J’hésite. Puis décide de me farcir les funérailles de l’ancien coureur.

Le curé se ramène pour un spiche (en anglais speech). Il raconte comme quoi le mort a eu une vie édifiante de courage, qu’il a fait beaucoup pour le prestige de la Sicile, que son âme, en ce moment, elle file en piqué et avec des ailes delta sur le ciel où on te lui prépare une de ces férias qui sera pas piquée des vers (si l’on peut dire). Pour peu que la veuve y aille de quelques messes chantées, tu vas voir comment qu’il va se faire sucrer ses inévitables années de purgatoire, le champion. Vont te lui abaisser le drapeau à damiers, là-haut, sur la ligne d’arrivée du Paradis. Et alors, il aura droit à la toute belle place, véry honorifique, dans la tribune d’honneur, à la droite de Dieu. On lui remettra la coupe des bons chrétiens défenseurs de la foi. Et au Jugement dernier, il ressuscitera en fanfare, le cousin. Se pointera dans un bruit de tonnerre au volant du char céleste. Il promet tout ça, le chat noir, pardon, le chat-moine. Il sait ! Y’a pas de secrets pour lui, dans les cieux. Il connaît la maison, ses us, ses coutumes. Le bonheur éternel au Concessionnaire à Fiat, il le voit gros comme une église. Sans discussion. D’ailleurs, on va procéder à une petite quéquête pour arroser ça dignement. Marquer le coup solennellement. Enfin quoi, merde, quand un mec comme le cousin se donne la peine de mourir, faut coopérer, que diantre. Faire une haie d’honneur, clamer sa gloire, se recommander à lui qui, grâce à son autorité, sa réputation, va devenir membre influent là-haut. Que bientôt, Jésus et lui seront à tulle et à toile, recta.

Bon, tout ça…

Et après, des croque-morts d’apparat viennent chercher le cercueil chromé.

Et c’est la promenade jusqu’au cimetière, pas loin.

Les premiers rangs chialent en marchant, comme partout. Ceux d’ensuite sont graves, ceux d’après discutent et les derniers se marrent. On fait partie des silencieux-recueillis, Populi et mézigue. Il moufte pas.

Et c’est le cimetière, là que va s’opérer un machin pas banal. Mais alors pas banal du tout, tu vas pouvoir en juger à ta convenance.

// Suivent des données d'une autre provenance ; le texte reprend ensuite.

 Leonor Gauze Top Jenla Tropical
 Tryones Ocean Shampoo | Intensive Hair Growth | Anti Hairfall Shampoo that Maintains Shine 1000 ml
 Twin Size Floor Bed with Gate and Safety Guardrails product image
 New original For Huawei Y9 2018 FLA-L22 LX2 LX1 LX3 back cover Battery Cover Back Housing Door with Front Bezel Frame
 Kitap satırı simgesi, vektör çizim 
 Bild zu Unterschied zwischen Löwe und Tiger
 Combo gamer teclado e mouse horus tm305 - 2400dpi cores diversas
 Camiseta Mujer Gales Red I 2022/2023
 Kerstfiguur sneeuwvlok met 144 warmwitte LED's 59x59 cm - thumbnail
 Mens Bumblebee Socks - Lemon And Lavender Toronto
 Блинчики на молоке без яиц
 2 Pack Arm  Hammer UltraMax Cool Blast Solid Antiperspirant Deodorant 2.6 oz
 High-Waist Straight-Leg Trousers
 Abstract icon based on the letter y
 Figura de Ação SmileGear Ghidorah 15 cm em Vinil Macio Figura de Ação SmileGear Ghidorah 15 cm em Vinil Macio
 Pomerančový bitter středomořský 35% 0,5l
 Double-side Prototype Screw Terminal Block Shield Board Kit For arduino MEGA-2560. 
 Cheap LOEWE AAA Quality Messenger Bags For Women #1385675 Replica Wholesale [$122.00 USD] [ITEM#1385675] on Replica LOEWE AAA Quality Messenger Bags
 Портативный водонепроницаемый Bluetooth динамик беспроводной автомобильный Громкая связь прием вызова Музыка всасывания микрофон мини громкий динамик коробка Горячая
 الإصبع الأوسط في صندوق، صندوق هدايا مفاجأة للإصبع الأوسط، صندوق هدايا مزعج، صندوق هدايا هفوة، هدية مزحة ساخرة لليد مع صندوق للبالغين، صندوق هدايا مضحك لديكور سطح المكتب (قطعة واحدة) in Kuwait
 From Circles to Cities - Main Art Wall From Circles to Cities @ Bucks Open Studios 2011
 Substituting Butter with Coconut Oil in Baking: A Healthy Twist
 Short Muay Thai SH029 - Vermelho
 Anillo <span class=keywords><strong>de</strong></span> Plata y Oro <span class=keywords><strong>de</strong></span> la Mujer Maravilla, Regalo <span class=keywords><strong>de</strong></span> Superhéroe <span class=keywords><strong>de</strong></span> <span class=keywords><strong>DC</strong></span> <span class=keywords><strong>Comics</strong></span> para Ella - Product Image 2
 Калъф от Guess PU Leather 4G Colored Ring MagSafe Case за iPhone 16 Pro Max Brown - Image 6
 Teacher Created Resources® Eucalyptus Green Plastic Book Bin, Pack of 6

Tu sais que tout de suite après les Folies-Bergère et avant Disney Land, dans l’ordre des grandes attractions, tu trouves les cimetières italiens. C’est féerique comme spectacle. Tout ce frometome, ce délire de marbre, de bronze ; ces cohortes d’anges dorés, ces mater dolorosa, ces pleureuses grandeur nature, ces mausolées-châteaux, ces gerbes de fleurs, de pleurs, de feu ; ces chapiteaux frisés, ces fûts enrosés : cinq colonnes doriques à la une ! C’est plein de mignons Parthénons, de temples de Paestum. Y’a de la couleur, de l’apothéose, de l’extravagance plein partout. Ça éplore dans le granit. On va d’un bas-relief à une fresque, d’un jardin tivolien à une villa romaine. Ah, ils ne doivent pas s’emmerder, les morts italiens. Quand tu leur opposes la rigueur des cimetières anglais, par exemple, tu mesures l’à quel point ils sont dorlotés, ces fripons, choyés à l’extrême, mieux logés morts que vivants.